* **TASK ITEM**
Gather every line below where "Pink" appears.

* **DATA TO EXAMINE**
_ _ _ _

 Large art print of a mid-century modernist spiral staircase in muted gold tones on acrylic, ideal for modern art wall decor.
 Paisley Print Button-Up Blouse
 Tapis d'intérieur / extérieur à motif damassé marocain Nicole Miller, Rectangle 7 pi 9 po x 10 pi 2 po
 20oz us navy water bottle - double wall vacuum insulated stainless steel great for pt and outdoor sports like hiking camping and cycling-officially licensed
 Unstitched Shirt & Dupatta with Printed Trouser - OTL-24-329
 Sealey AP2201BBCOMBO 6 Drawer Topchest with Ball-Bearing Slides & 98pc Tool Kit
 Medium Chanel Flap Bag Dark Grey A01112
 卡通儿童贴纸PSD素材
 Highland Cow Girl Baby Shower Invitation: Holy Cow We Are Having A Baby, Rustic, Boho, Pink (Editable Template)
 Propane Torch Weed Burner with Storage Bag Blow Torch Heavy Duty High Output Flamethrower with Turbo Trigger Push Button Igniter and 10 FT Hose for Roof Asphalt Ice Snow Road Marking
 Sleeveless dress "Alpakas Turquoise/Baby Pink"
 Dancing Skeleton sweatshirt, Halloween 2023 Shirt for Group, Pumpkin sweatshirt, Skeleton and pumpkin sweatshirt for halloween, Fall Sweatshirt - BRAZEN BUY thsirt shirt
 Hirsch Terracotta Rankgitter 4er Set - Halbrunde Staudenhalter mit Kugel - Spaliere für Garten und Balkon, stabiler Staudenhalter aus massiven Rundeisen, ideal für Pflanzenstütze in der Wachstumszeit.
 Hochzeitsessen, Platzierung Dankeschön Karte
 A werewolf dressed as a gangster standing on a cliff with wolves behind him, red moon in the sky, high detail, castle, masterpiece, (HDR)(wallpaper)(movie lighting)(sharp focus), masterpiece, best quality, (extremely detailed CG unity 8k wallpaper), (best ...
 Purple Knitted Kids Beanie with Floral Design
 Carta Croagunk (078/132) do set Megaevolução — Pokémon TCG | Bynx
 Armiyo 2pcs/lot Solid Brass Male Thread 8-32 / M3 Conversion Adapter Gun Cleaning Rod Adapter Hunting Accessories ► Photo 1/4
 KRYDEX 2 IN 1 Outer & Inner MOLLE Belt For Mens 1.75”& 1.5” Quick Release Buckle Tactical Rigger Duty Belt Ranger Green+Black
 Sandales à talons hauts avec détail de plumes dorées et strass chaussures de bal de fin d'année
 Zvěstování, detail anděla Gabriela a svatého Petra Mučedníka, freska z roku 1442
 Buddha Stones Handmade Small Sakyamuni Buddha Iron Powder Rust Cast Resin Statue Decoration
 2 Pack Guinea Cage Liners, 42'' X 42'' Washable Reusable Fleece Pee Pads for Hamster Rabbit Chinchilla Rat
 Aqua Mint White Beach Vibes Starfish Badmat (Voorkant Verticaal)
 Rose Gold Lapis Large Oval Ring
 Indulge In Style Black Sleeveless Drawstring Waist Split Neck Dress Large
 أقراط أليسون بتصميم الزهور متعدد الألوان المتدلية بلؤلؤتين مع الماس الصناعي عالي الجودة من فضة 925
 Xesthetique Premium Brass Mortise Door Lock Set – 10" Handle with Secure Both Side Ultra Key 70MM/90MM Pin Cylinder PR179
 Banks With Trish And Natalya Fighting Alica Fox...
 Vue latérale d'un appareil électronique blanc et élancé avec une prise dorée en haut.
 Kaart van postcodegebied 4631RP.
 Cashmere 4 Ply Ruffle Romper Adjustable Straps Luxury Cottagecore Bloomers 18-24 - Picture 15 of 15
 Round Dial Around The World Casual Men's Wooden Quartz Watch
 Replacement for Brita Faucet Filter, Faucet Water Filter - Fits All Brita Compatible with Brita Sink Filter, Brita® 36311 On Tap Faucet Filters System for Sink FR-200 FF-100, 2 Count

_ _ _ _

* **ANSWER BELOW**
 Highland Cow Girl Baby Shower Invitation: Holy Cow We Are Having A Baby, Rustic, Boho, Pink (Editable Template)
 Sleeveless dress "Alpakas Turquoise/Baby Pink"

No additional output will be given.